Shahir was inspired when his father’s tea boiled over, and he wondered why no one had taken care of the problem. He said:
If you look at current-day heating applications, there’s different kinds — for comfort, for warming the house, for cooking — but the cooking part hasn’t become smart. This is something that I wanted to change. I wanted to improve cooking, prevent burns, and create better food.
Then he began dissecting microwaves to figure out how they work, studying the texture of various foods and how it affects their cooking temperatures, and taking a temperature gun to finished meals at his home and at restaurants, writes Megan Treacy of Treehugger.
He found that low-viscosity foods like soup should be hotter when they’re taken out of the microwave, whereas thick foods like rice should be cooler to prevent burning the consumer.
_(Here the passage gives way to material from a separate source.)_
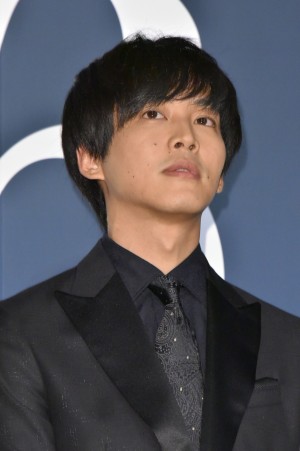 『娼年』完成披露舞台挨拶に登壇した松坂桃李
Shahir went to work combining science and practical application:
By looking at the viscosity, I was able to determine mathematically what temperature the food needed to reach so that it was lip-ready and the person could eat right away.
He realized that microwave’s turntables address hot and cold spots within the appliance, which he could exploit so that some foods would be heated and others wouldn’t. For example, he wanted to be able to heat mashed potatoes, but not the salad on the same plate. He studied microwave heating patterns by removing the turntable and heating shredded cheese on a plate and observing how much the cheese in each area melted.
Then, Shahir began creating algorithms. He used Excel, but found it inadequate for his needs and switched to Python.
He said:
My real journey began when I started learning Python.
At this point, his father Asifur Rahman and his coworkers in the New Devices and Internet of Things groups at Intel stepped in to help, according to Phys.org.
James Russell, director of platform engineering of Intel’s IoT group, said:
The reason Shahir is so successful is that he doesn’t know what he doesn’t know, so he just tries everything. That’s so refreshing. It’s incredible to see a young man accomplish so much with a positive attitude and passion.
The microwave that Shahir made uses a single Panasonic thermopile array sensor, reports Nick Schmiedicker of Reviewed, which identifies the food and uses Shahir’s algorithms to calculate its perfect temperature and the time it will take to get there. The remaining time and the microwave’s cook temperature are displayed for the user with a smartphone app.
In the future, Shahir hopes to make changes to the microwave like adding the ability to detect possible fires and to identify the food inside without any help from the user:
My goal is to eventually create a device that could warm up food without any user input.
Shahir hopes to attend a STEM-focused college in California so that he can follow in the footsteps of his parents, who are both engineers at Intel.